If the actual experience of the last 12 years remained about the same for inflation and the financial markets, theoretically, I could roll along forever.


----------



## Manatee (Dec 19, 2016)

I would wonder which will run out first, me or the $$.


----------



## Butterfly (Dec 19, 2016)

Not very long.


----------



## Kitties (Dec 19, 2016)

I could for a decent time. I won't give time details. I live rather simply though. I have not always been as smart with my money as I should have but I've never racked up debt and that is very helpful 

I'm beginning to wonder if I will find a nice mobile in a park. I don't want to end up in some low income apartment with my cats. I prefer our own place where no one else has the key.


----------



## Buckeye (Dec 19, 2016)

Until, oh, Friday, maybe Saturday noon.


----------



## SeaBreeze (Dec 19, 2016)

Probably until I died, of course I'd have to cut back on my lifestyle a bit.  It's simple and far from extravagant because that's the way we like it, but I may have to stop eating crabs, prime rib eye cap steaks and things like that.  Maybe hot dogs and spaghetti instead, can't afford cat food for me, too pricey.   Of course if one of us got really sickly, the money would run out quick...hoping nothing like that will happen.


----------



## jujube (Dec 19, 2016)

If I eat store brand dog food instead of the premium stuff, about ten years.  Oh, and I'd have to learn to navigate around the house in the dark.  

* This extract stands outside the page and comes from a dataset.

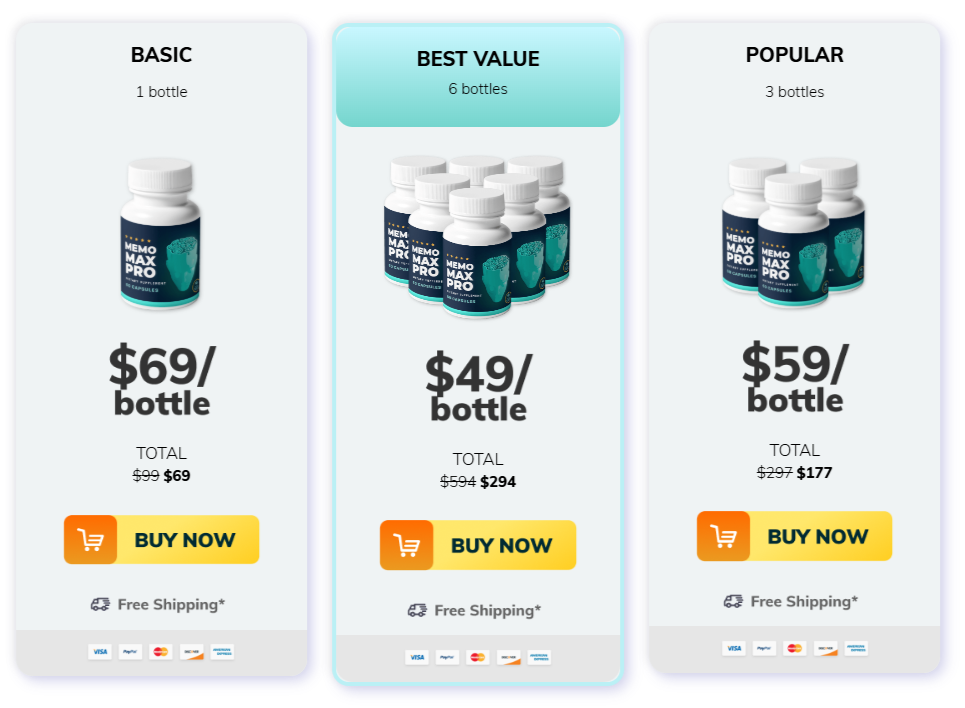 Memo-Max-Pro-Pricing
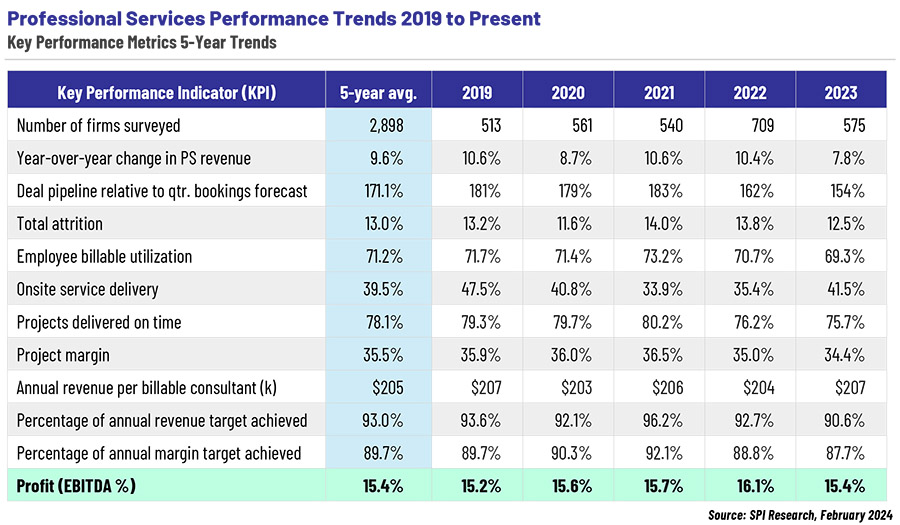 Revenue of management consultancies grows and prospects for 2024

I'm told cold showers are good for the complexion.


----------



## Ray (Dec 21, 2016)

It does raise an interesting issue - there are two basic approaches to retirement funding. In one you have a pot of money to do with as you wish and the other is the annuity approach. Way back in the day I had to choose and I went for the annuity and have never regretted it. I had some friends who went the other route and loved to brag on the up markets and........well, shall we say drink Walmart boxed wine most of the time and say nothing.

Bottom line - I'll never be rich; I'll always be able to enjoy life.


----------



## Knight (Dec 22, 2016)

MRD for just myself has it being exhausted when I'm 128 years old, pension of course when I do die. I doubt I'll live to be that old so the answer would be until death.


----------



## OneEyedDiva (Dec 22, 2016)

Very interesting question Lon! Last year, I actually figured out how long my savings and investments would last if my pension and social security were cut by 50% and 23% (predicted for SS). I like doing these types of calculations and because of the trouble many pension systems are in, I know such a cut wouldn't be far fetched. Assuming my investments do at least half as well as they are doing now, that inflation averages 3.5% annually and that I have no catastrophic events, I could live close to 8 years with no pension and SS.  I fare WAY better at 50% & 23% with my money lasting for 100 years. LOL


----------



## Falcon (Dec 22, 2016)

Oh, For a few years at least, but frankly, I'd rather not think about such things during this otherwise happy

Christmas Season.


----------